Task brief:
Shown below are entries with pictures; the line with "In this case, I" through the line with "I hope this" is the span to retype exactly, and the pictures stay out.

(Stored data)
┄┄┄┄┄┄┄┄┄┄

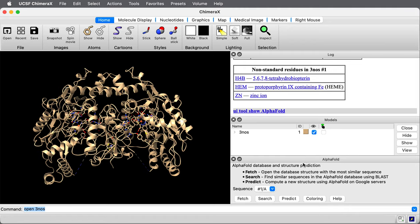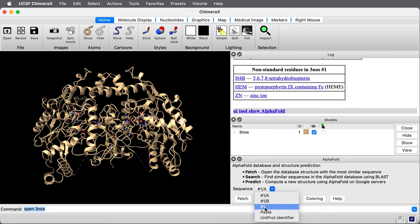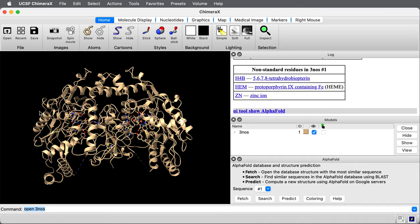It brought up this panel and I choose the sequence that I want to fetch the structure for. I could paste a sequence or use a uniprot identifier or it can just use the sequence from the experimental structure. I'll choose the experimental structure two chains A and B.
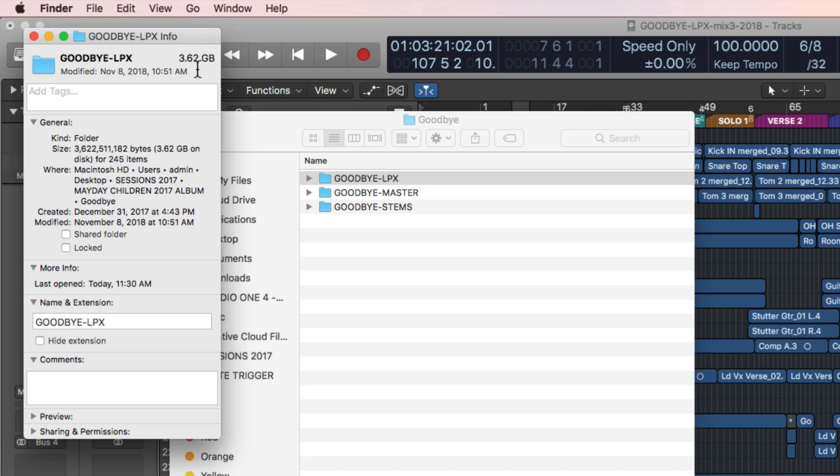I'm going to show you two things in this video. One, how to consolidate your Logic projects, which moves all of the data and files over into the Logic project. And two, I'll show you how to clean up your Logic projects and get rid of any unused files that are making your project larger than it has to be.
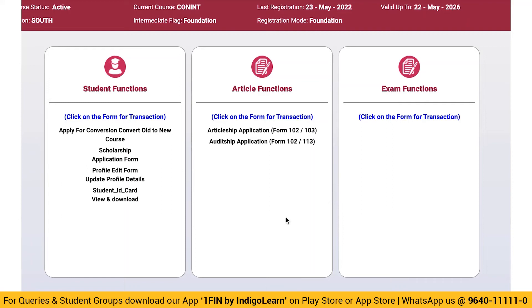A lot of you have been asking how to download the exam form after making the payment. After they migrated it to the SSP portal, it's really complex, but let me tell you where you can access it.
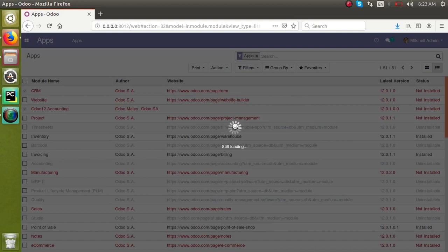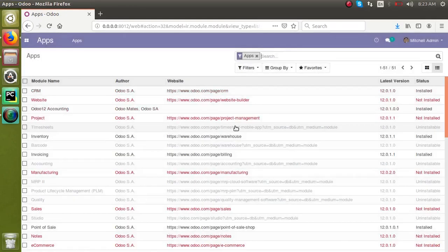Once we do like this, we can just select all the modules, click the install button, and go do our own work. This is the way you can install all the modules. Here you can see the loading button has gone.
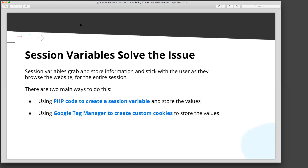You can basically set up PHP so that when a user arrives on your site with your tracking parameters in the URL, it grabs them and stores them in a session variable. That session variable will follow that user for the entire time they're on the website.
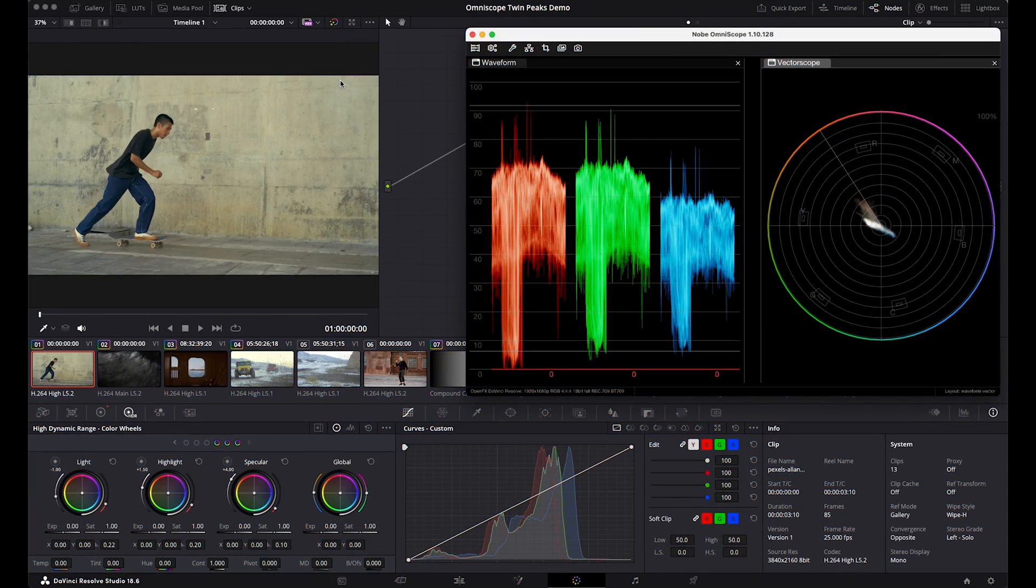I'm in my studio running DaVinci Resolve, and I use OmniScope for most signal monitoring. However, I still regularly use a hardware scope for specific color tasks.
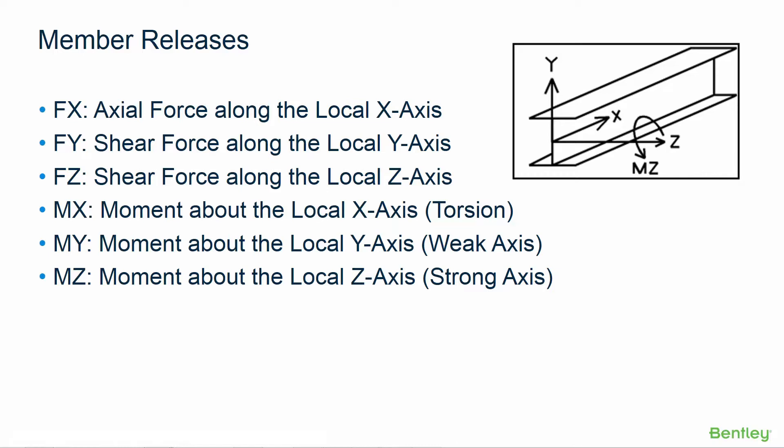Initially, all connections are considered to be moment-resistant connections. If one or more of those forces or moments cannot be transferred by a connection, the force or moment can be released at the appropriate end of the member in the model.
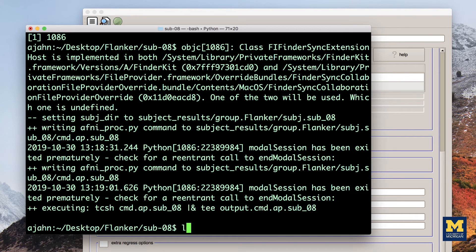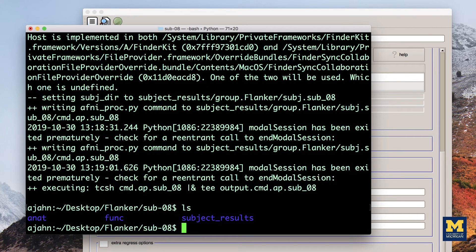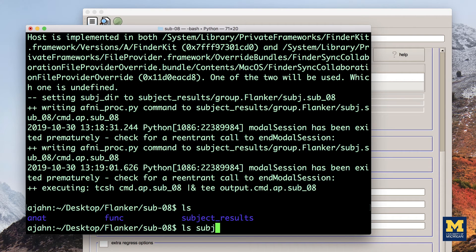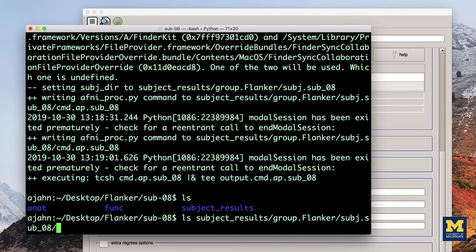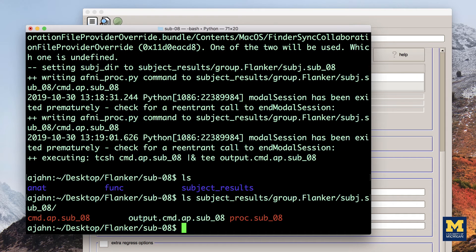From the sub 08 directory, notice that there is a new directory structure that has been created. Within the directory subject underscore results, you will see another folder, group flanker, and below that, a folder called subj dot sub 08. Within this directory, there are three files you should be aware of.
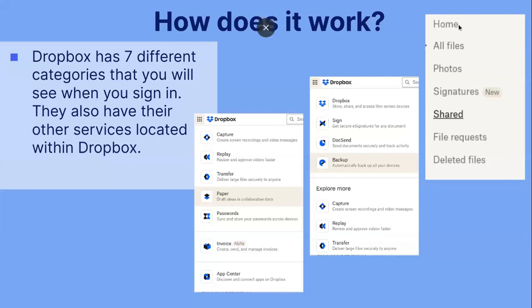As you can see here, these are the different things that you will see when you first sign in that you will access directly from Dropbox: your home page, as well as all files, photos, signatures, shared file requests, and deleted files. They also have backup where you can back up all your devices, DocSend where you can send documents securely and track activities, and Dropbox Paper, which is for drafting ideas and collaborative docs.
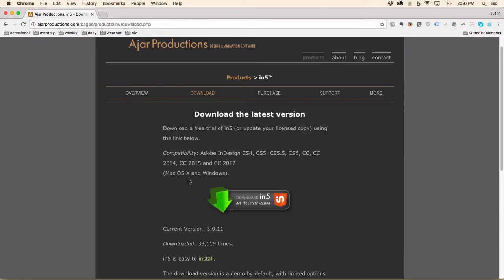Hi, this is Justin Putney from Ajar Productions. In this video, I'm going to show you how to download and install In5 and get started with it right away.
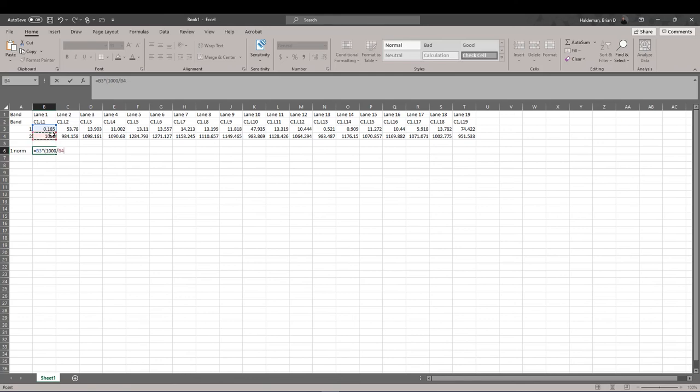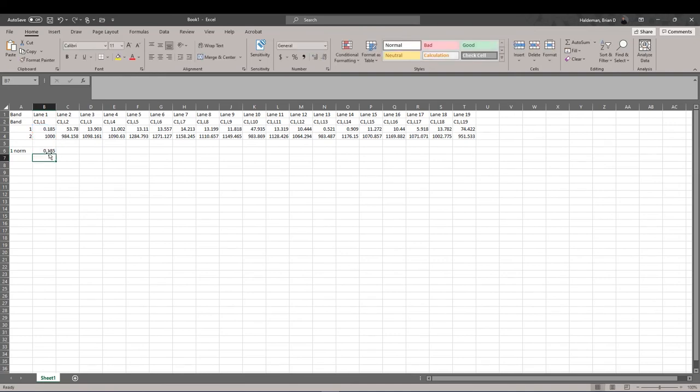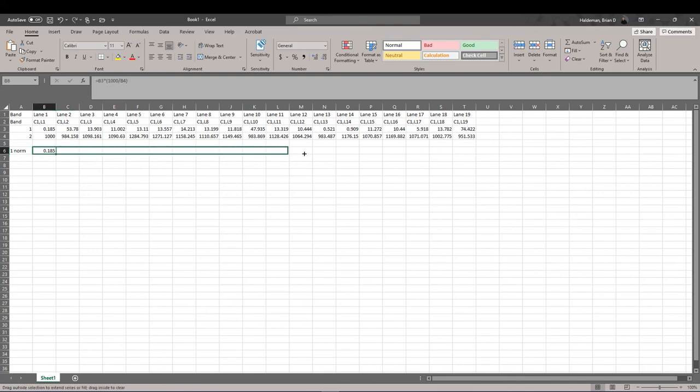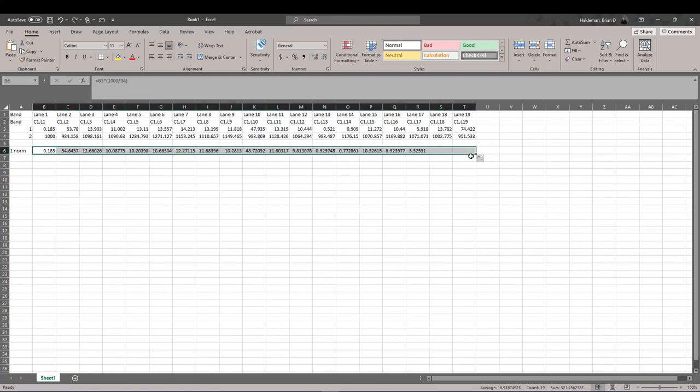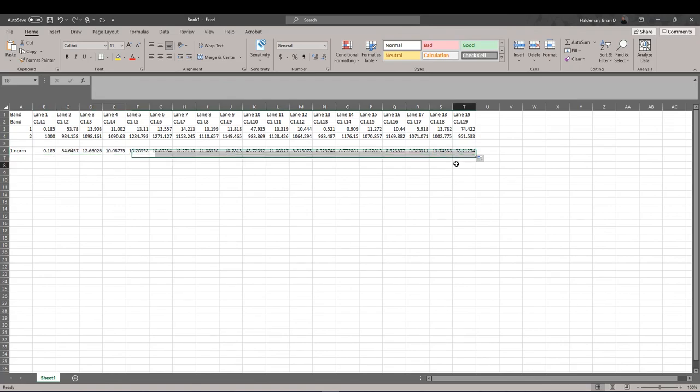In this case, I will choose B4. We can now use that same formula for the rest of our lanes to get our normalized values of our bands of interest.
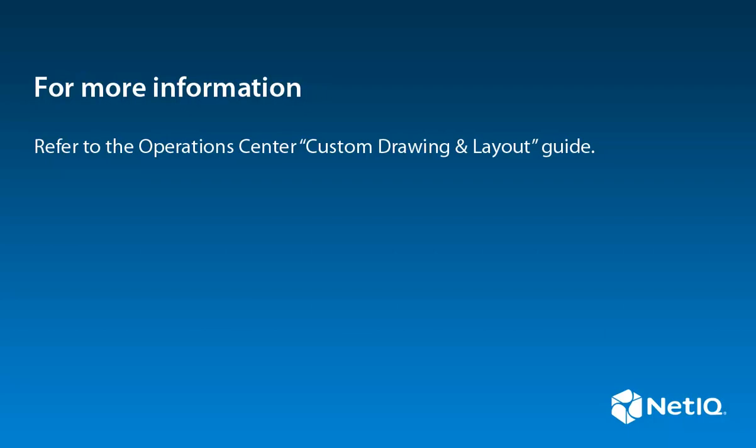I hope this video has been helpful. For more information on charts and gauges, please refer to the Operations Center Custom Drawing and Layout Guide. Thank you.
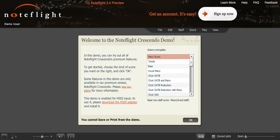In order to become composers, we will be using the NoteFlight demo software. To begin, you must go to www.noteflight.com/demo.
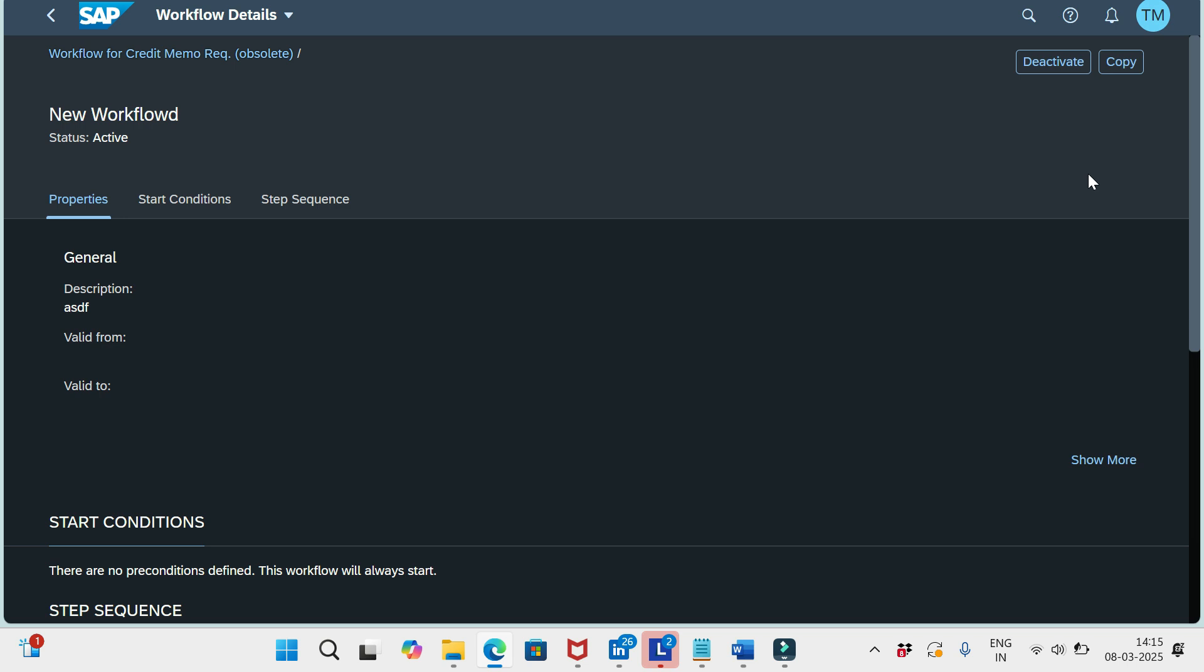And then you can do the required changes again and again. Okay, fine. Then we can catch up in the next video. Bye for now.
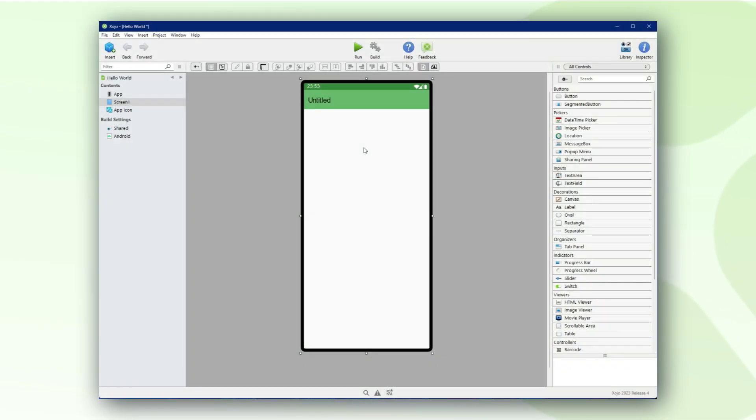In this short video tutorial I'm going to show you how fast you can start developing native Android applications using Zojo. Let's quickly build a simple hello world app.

┄┄┄┄┄┄┄┄┄┄

Your response:
In this case, I will choose B4. We can now use that same formula for the rest of our lanes to get our normalized values of our bands of interest.
I hope this video has been helpful. For more information on charts and gauges, please refer to the Operations Center Custom Drawing and Layout Guide. Thank you.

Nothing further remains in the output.